—Quand je pense tout de même, murmura-t-elle avec un désespoir amer et naïf, qu’on a beau travailler, employer toutes les sueurs de son corps à se ramasser un peu de subsistance, à la fin des fins nous devons en venir à chavirer dans le trou et à faire chanter M. le curé. Pour moi, je te préviens, Ambroise, je ne veux rien donner à Liette en la mariant; j’entends retenir mes terres de mes dix doigts jusqu’à l’extrême-onction. Que veux-tu? c’est mon plaisir.

—Garidel se montre beaucoup moins exigeant que ne le serait un autre: en me demandant Liette pour Simonnet, il désire tant seulement que nous donnions à notre fille nos oseraies, le long de l’Orb.

—Pardi! il est rusé, le vieux bonhomme, et surtout ses yeux y voient clair. Il ne réclame que le meilleur quartier de mon gâteau. Il n’aura rien. Réponds-lui cela de ma part. Liette restera fille. Après tout, quel besoin a-t-on de se marier? Le mariage! en voilà une sornette, par exemple!

—Combale, dit M. le maire avec un calme indolent, ne te monte pas ainsi: nous causerons de tout cela à tête reposée... Allons, sois contente, voilà la lessive réussie et...

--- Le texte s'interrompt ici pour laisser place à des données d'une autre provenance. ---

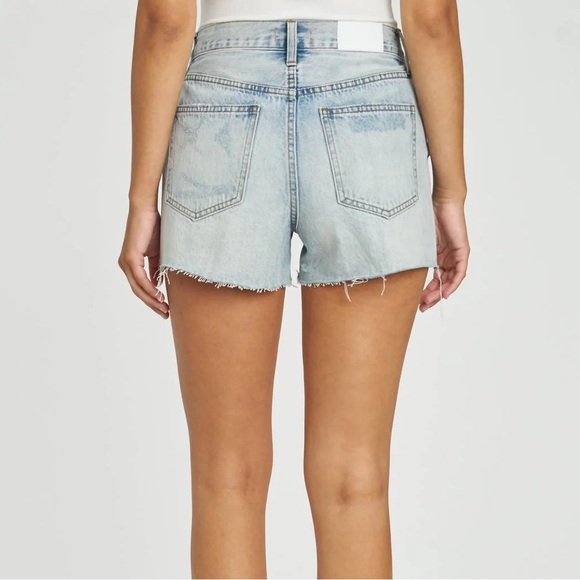Pistola Kaylee Relaxed High Rise Cuffed Jean Short St Tropez - Picture 3 of 12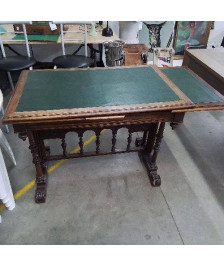 BUREAU DESSUS CUIR VERT TIRETTES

—Ah! ce sont mes oseraies qu’ils reluquent, ces Garidel, continua vivement cette paysanne âpre, tout à fait incapable de se déprendre d’un sujet qui l’atteignait, la blessait à tous les endroits sensibles. Les oseraies sont à moi, c’est moi qui les versai avec tous nos lopins dans ta besace, car tu n’étais pas un gros monsieur, mon pauvre Ambroise, quand je te connus. Par ainsi ne me trouble pas les esprits avec ces affaires. Si les Garidel veulent des oseraies où donner de la besogne à dix vanniers ensemble, qu’ils en achètent.

—Chut! femme, je t’en prie: voici Simon Garidel.

En effet, le père de Simonnet, abandonnant à son fils, lequel venait d’arriver sur la grave, le soin de recueillir le linge de sa lessive, s’avançait vers nous à pas lents. C’était un petit vieillard, aux traits creusés, sec, recroquevillé comme la feuille du noyer quand les vents de novembre la balayent à travers les gazons roussis par les premiers froids. Une chose seule frappait dans son visage, ramassis de rides s’entrecroisant à la façon des mailles serrées d’un filet: ses yeux enfoncés sous des sourcils buissonneux et d’une extraordinaire vivacité.

—Bien le bonjour, Combale, bien le bonjour, dit le vieux Simon, tirant droit vers la mère de Liette et la saluant galamment.

—Bonjour, se contenta de répondre celle-ci d’un ton bourru.

Elle lui tourna les talons pour aller interpeller ses lessiveuses.